Requirement:
Reproduce the entries that follow exactly, dropping each image.

══════════════════════════════

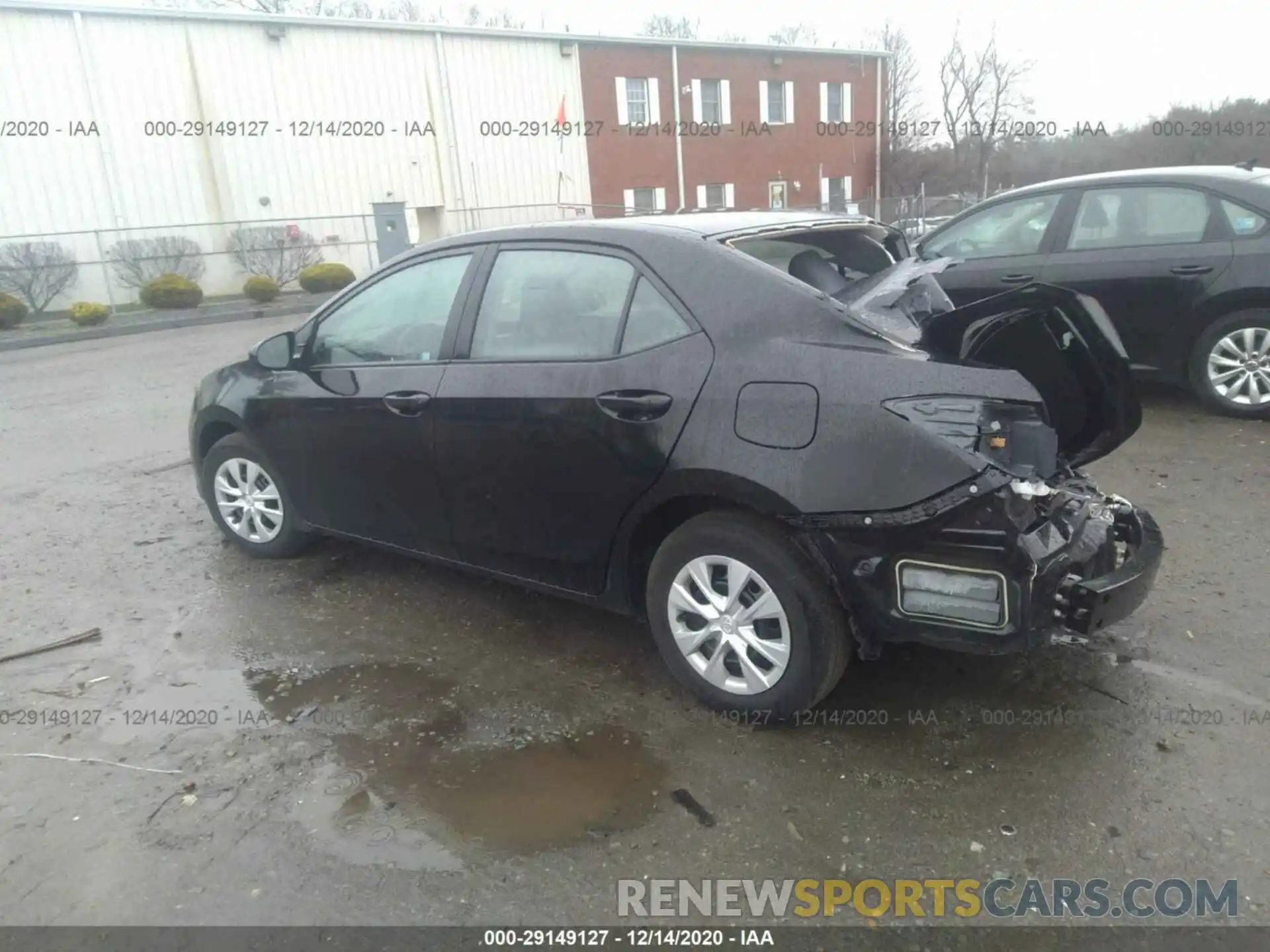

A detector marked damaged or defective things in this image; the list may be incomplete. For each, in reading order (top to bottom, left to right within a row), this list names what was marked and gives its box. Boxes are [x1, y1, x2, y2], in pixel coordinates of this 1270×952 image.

black damaged sedan [188, 214, 1163, 715]
broken headlight [884, 396, 1062, 479]
damaged front bumper [787, 469, 1163, 654]
detached bumper piece [797, 472, 1163, 654]
detached bumper piece [1056, 508, 1163, 635]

══════════════════════════════

Solution to the exercise:
A detector marked damaged or defective things in this image; the list may be incomplete. For each, in reading order (top to bottom, left to right within a row), this list names what was marked and gives its box. Boxes are [x1, y1, x2, y2], in pixel coordinates of this 1270×952 image.

black damaged sedan [188, 214, 1163, 715]
broken headlight [884, 396, 1062, 479]
damaged front bumper [787, 469, 1163, 654]
detached bumper piece [797, 472, 1163, 654]
detached bumper piece [1056, 508, 1163, 635]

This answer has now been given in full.